There you are, Yes folks. Henry McLeish, one of our former Labour Prime Ministers

-let's call 'em that, none of this "First Minister" artificiality, after all Northern Ireland had Prime Ministers 1921-72 -

still as yet a No voter himself, says Yes is still winnable. Wrote it in the Scotsman. For all the stated practical reasons of keeping a socially just line on social services and staying in the EU, that you tell us is what you want to win it for. As good as concedes the Yes case, straight after that naff American pollster was calling its defeat. The No case is not inspiring anyone.

The Yes case is not inspiring anyone either. Leave it as it is, you will miss the chance McLeish has conceded you have. Stop compromising with the tabloids and make the campaign more participative, use the items folks sent in to your consultations instead of going with the British level's keeping them unpublicised, then folks could trust you, then you could snatch back your chances.

No-brainer. Always has been.

Sunday 18 August 2013

While Peru becomes court change, what says the Scottish govt about it for a Scot abroad?

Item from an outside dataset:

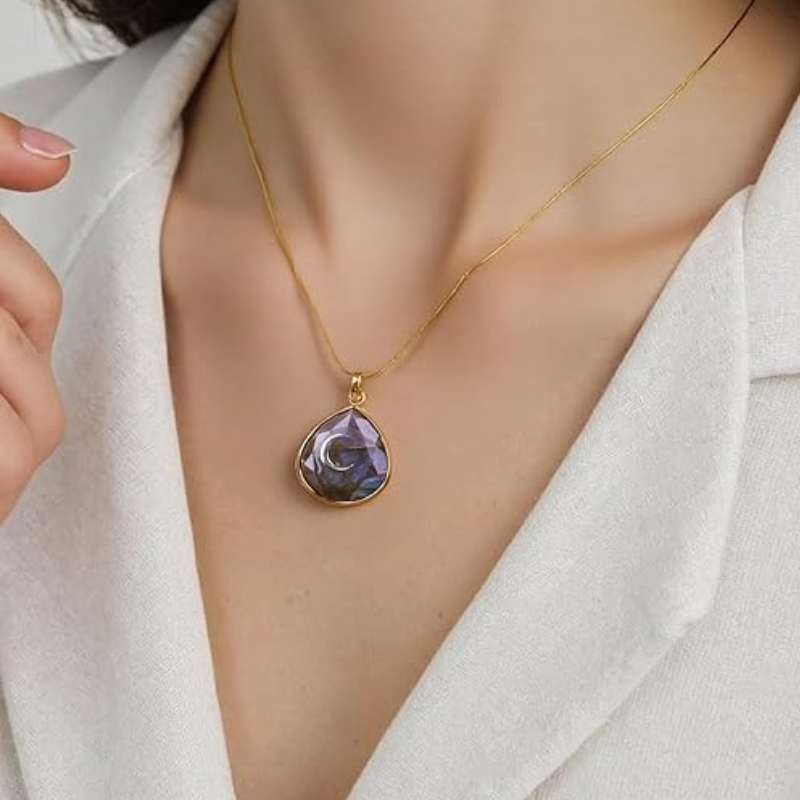 Healing Crystal Pendant With Stainless Steel Chain, Spiritual Jewelry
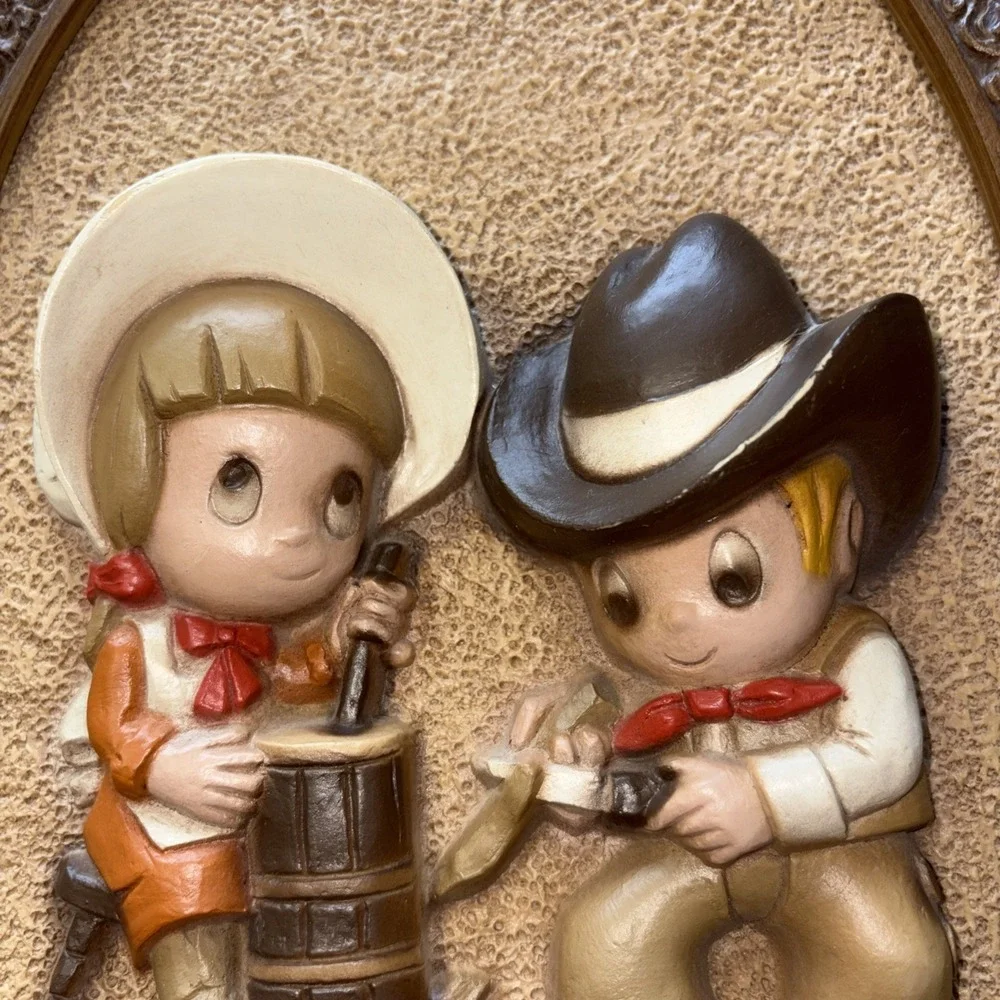 Vintage Pair of 2 Homco Hubbell Oval Wall Plaques with Cute Cowboy & Cowgirl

Gordon Wilson had been saying the Yes campaign is soulless, again. It's the result of it not wanting to say anything new and outside the carefully filtered range of ideas that the political class comfortably tolerates for itself. That is what they care more strongly about than actual statehood. No new content, no acknowledging that the court change exists, no inspiration to reopen the homeland to all the diaspora, means no inspired public. That will be their place in history, they created this moment and just offered same-old.

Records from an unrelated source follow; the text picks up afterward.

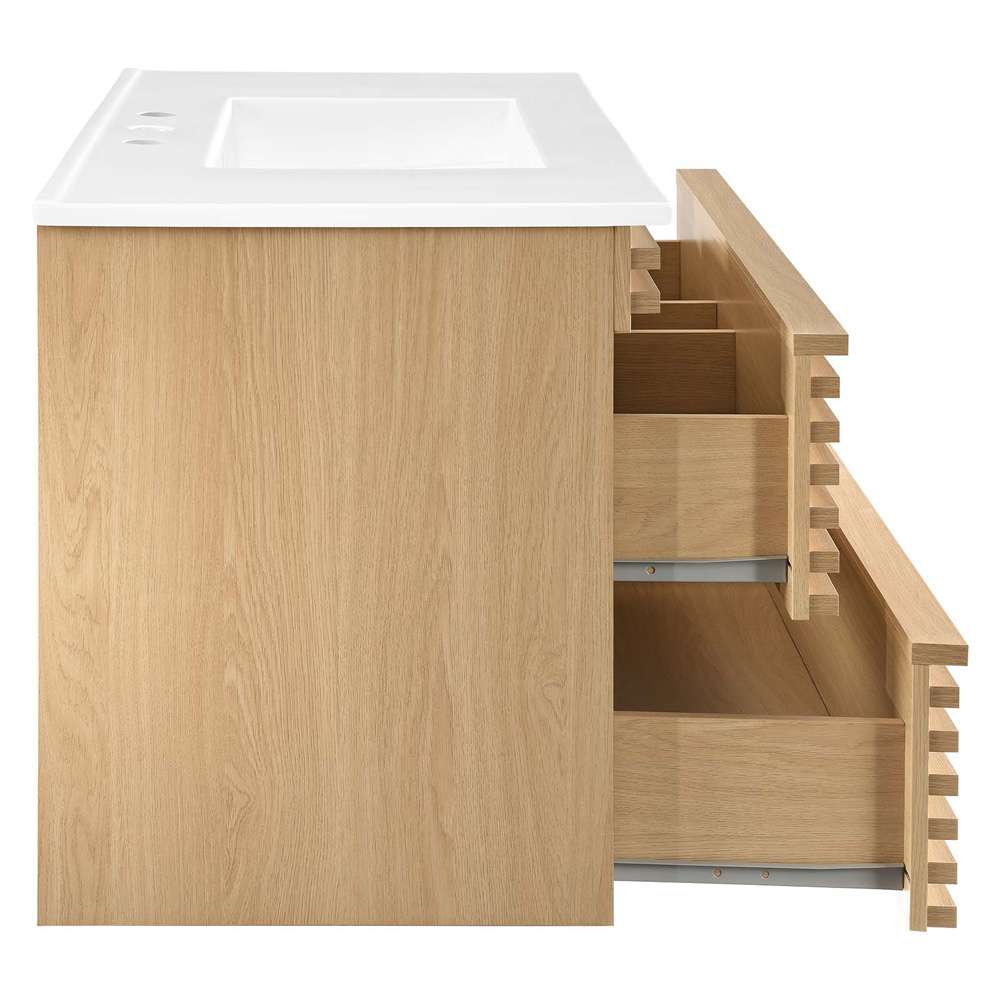 Modway - Render 36in Wall-Mount Bathroom Vanity - EEI-4436-OAK-WHI veiw 5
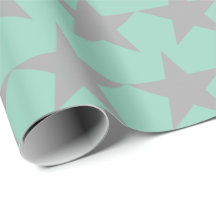 Wrapping Paper - Teal Background Grey Star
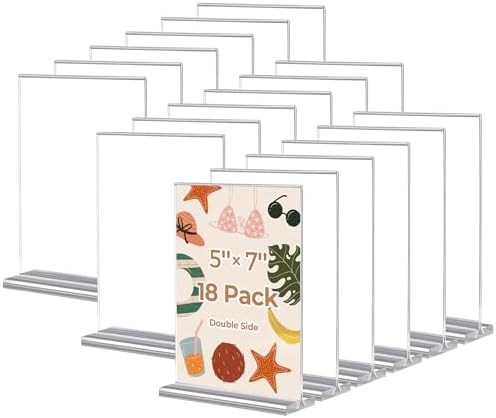 18 Pack Acrylic Sign Holder 5 x 7, Double-Sided Clear Sign Holder Plastic Stands for Display, T Shape Acrylic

At this moment, silence on the court change means silence towards a Scot in trouble abroad, and towards all the parents worried for their own young adults travelling to the same places. Ibiza belongs to Spain, and like us, Spain belongs to the Council of Europe, whose member countries are where the court change began. The first to be made court change by the item of corrupted practice by the European Court of Human Rights, in making a factually impossible decision and calling it final, that created the court change in 1999.Full write-up explaining the court change has long been on this blog, here It abolishes final decisions, which makes all court decisions open endedly faultable on their reasoning, including for being corrupted. So the court change applies to the present case of Melissa Reid from Scotland and Michaella McCollum.

They have a pressing humanitarian need for it to become publicly known, so that it can be used to actually scrutinise all worries over the handling of their case and be used to challenge any bad standards in it. But are our Scottish government and Yes campaign going to do this? Or our British government and No campaign, either? Many folks before them have had a pressing humanitarian need too, but have not had the court change publicised for them: including shockingly many asylum deportees from Britain, and including the folks deported to the US a year ago labelled as terror suspects after a deficient process at the ECHR.

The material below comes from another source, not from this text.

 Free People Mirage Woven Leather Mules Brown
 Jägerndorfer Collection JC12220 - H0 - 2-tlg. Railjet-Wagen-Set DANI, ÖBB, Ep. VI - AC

Reid and McCollum's case extends the court change to another country, Peru. It may be our media's fault that I had never before found a case that extended it to Peru, which has been a very late reached country, and that in fact there is a much earlier case that does it: but until we discover that, at least their case does it and the people of Peru now have claim that the court change applies in their country. When a legal case overlaps between a country that has the court change and another country, the court change causes the case's content to be open endedly faultable and not final. This forces each country involved in the case to deal with open endedness. So for those countries that were not yet court change until the case happened, open ended non-final case content, hence case outcome too, is created in their legal system. THEY BECOME COURT CHANGE TOO. It is a brilliant opportunity that this lets folks all over the world help each other to get a massive advance of democracy in their countries. It just needs to be widely enough realised.

Because Reid and Connolly's case overlaps between Spain, which is court change, and Peru, it makes Peru court change too.